Stored data
/---

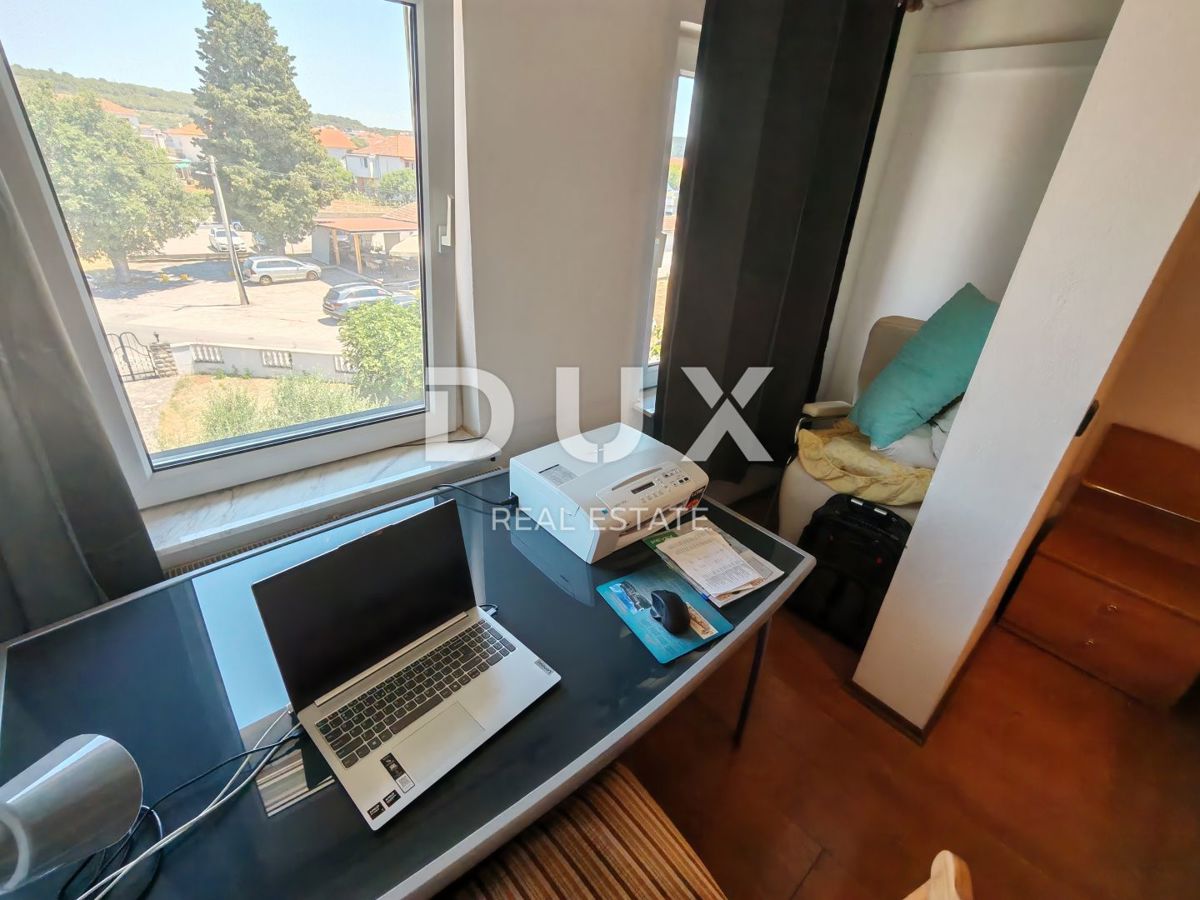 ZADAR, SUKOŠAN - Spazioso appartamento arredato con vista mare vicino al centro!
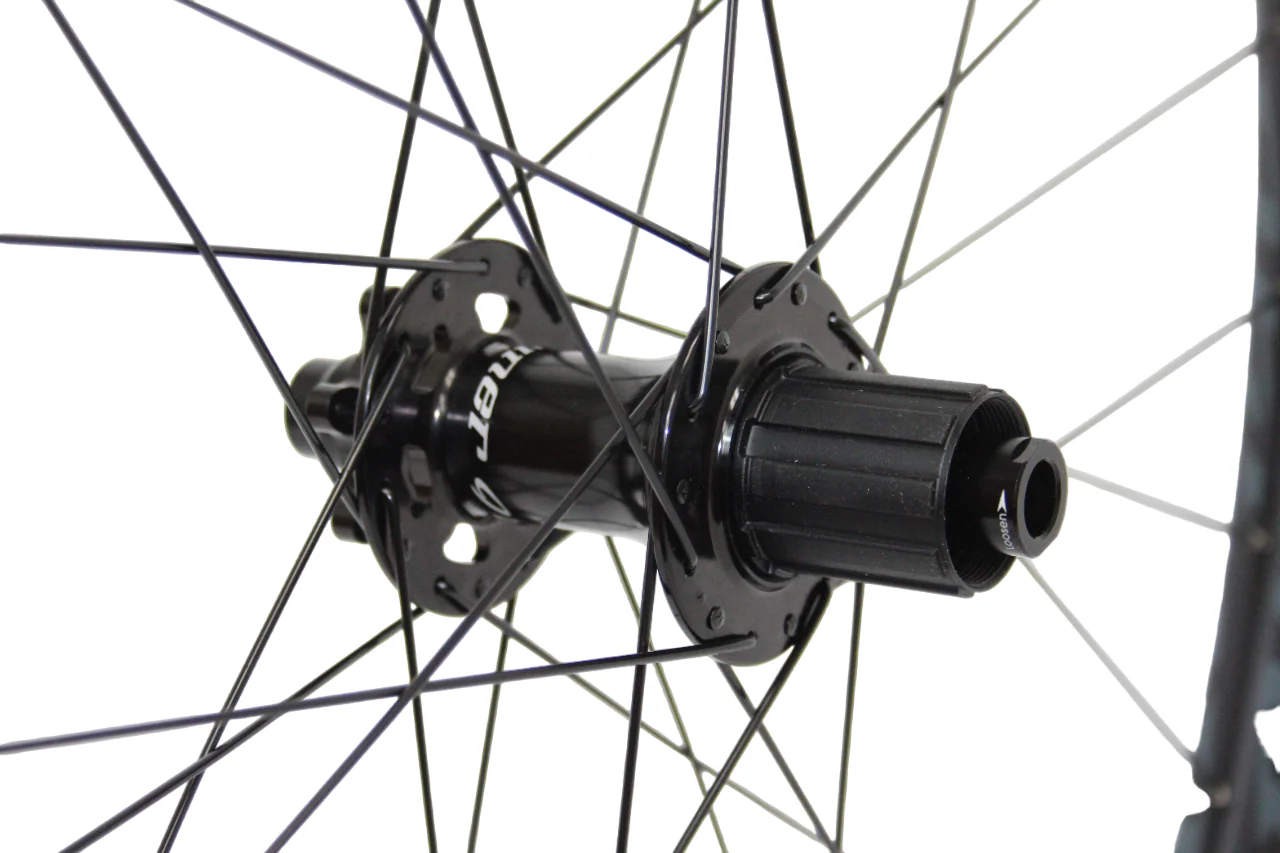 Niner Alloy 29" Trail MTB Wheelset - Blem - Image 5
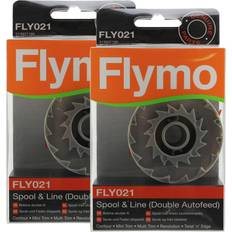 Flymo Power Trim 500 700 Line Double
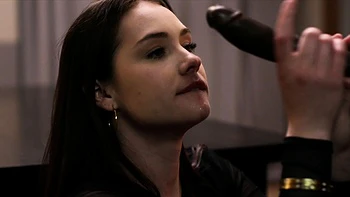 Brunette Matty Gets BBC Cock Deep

\---

Task goal
What is needed is an exact transcription of the lines from the one holding "Blem - Image 5" to the end of the data, with every picture left out.

Exercise output
 Niner Alloy 29" Trail MTB Wheelset - Blem - Image 5
 Flymo Power Trim 500 700 Line Double
 Brunette Matty Gets BBC Cock Deep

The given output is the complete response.